Walt Disney shares jumped 1.3% after “Avengers: Endgame” became the first movie to gross more than $1 billion in its world-wide box-office debut. Elsewhere, the Stoxx Europe 600 hovered around the flatline, weighed down by losses in France and Spain.
Spain’s IBEX 35 index lost 0.5% after general elections on Sunday produced no clear winner. The center-left Socialists of Prime Minister Pedro Sánchez finished first, but will have to build an unwieldy coalition to form a governing majority.
In Asia, Hong Kong’s Hang Seng added 1%. Japan’s Nikkei Stock Average was closed for a public holiday. Trading in the bond and currency markets was subdued Monday.
The WSJ Dollar index, which measures the greenback against a basket of 16 of its peers, added less than 0.1% after finishing at its third-highest level of the year Friday. Government bonds weakened, with the yield on the benchmark 10-year U.S. Treasury note last at 2.527%, compared with 2.506% Friday. Yields rise as bond prices fall.

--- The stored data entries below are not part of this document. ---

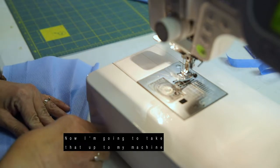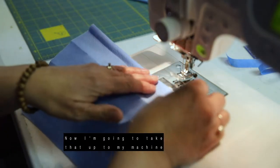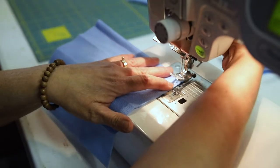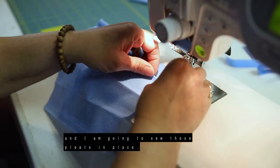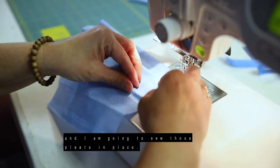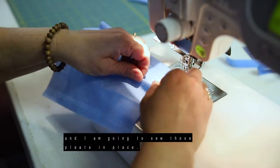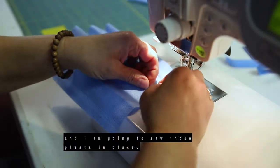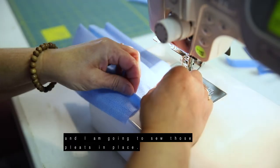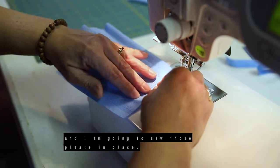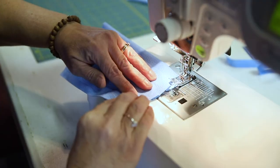So now I'm going to take that up to my machine and I am going to sew those pleats in place.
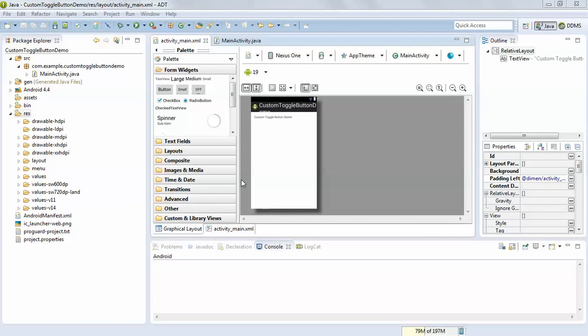In this tutorial, we are going to see how to use custom toggle button.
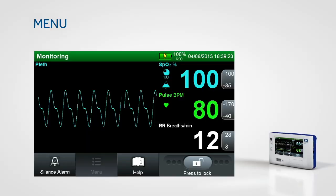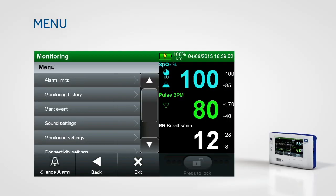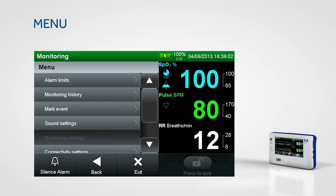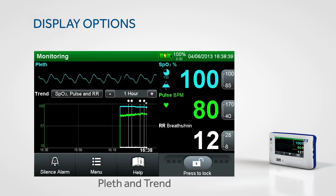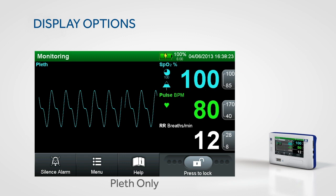To access monitoring layout, touch menu and then touch the monitoring settings submenu. Here you have the ability to choose how the monitoring information is displayed.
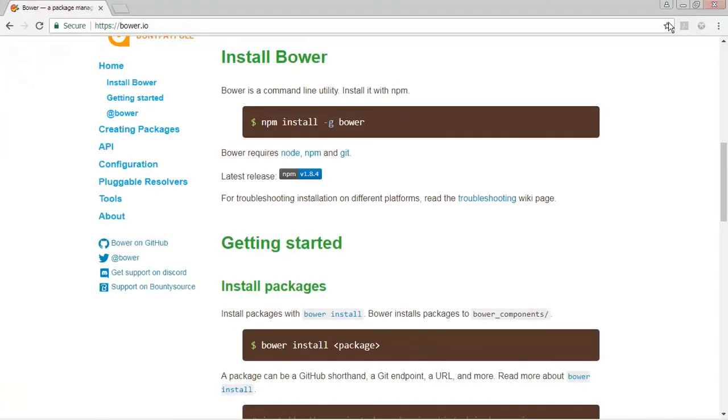If you don't use this -g, what it will do is it will install the Bower folder as part of the current application's folder. That is where Bower gets installed in case you do not specify the -g option.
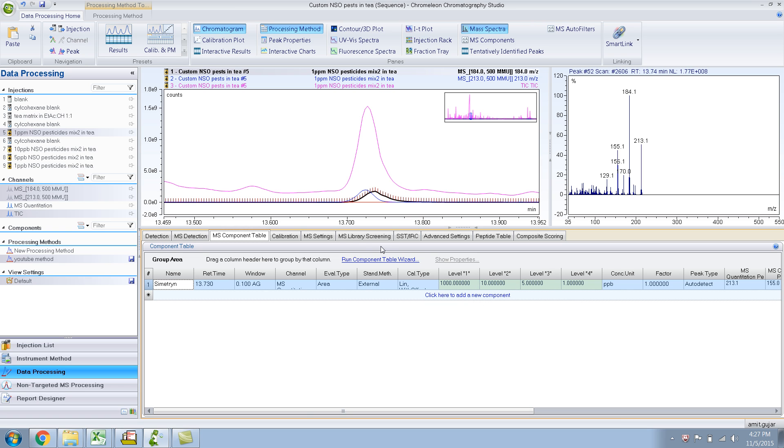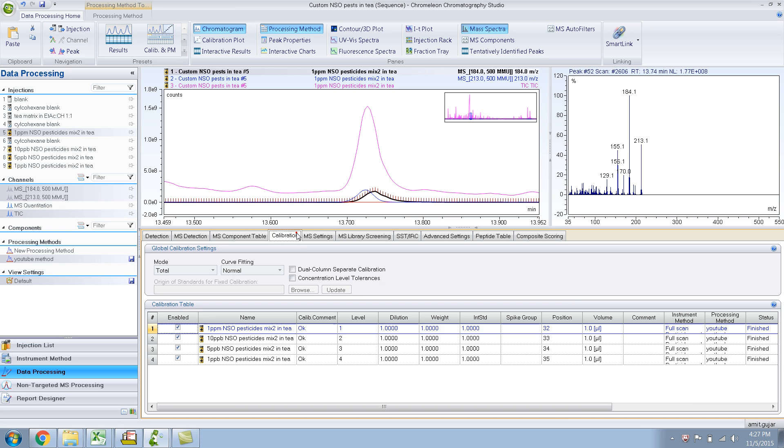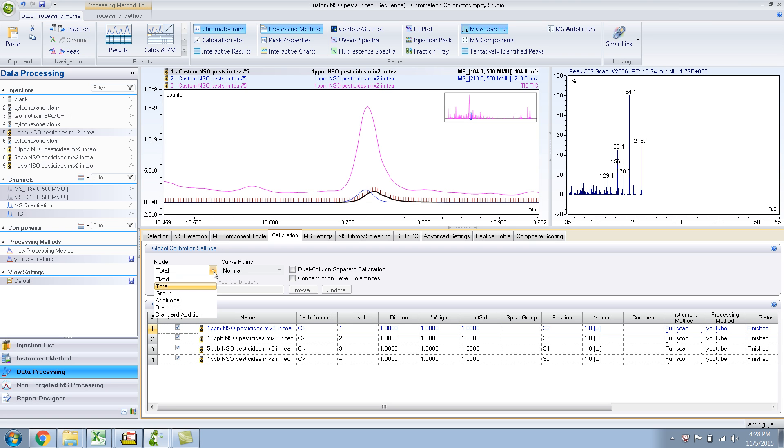Right now the mode over here is total. There are other settings. Say your calibration is not in this sequence, it's in some other sequence, that could very well be possible.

Traders are widely expecting the Fed to leave short-term interest rates unchanged at the conclusion of its two-day policy meeting Wednesday. Some believe the central bank will have to lower rates before year-end because inflation has been so slow to pick up.
“We are pricing in one rate cut before the end of the year,” said Zhiwei Ren, managing director and portfolio manager at Penn Mutual Asset Management. “We’ve never seen this kind of divergence between how good the economy is and how worried the Fed is” about the possibility of slipping into a deflationary mind-set, Mr. Ren said, citing Japan as an example.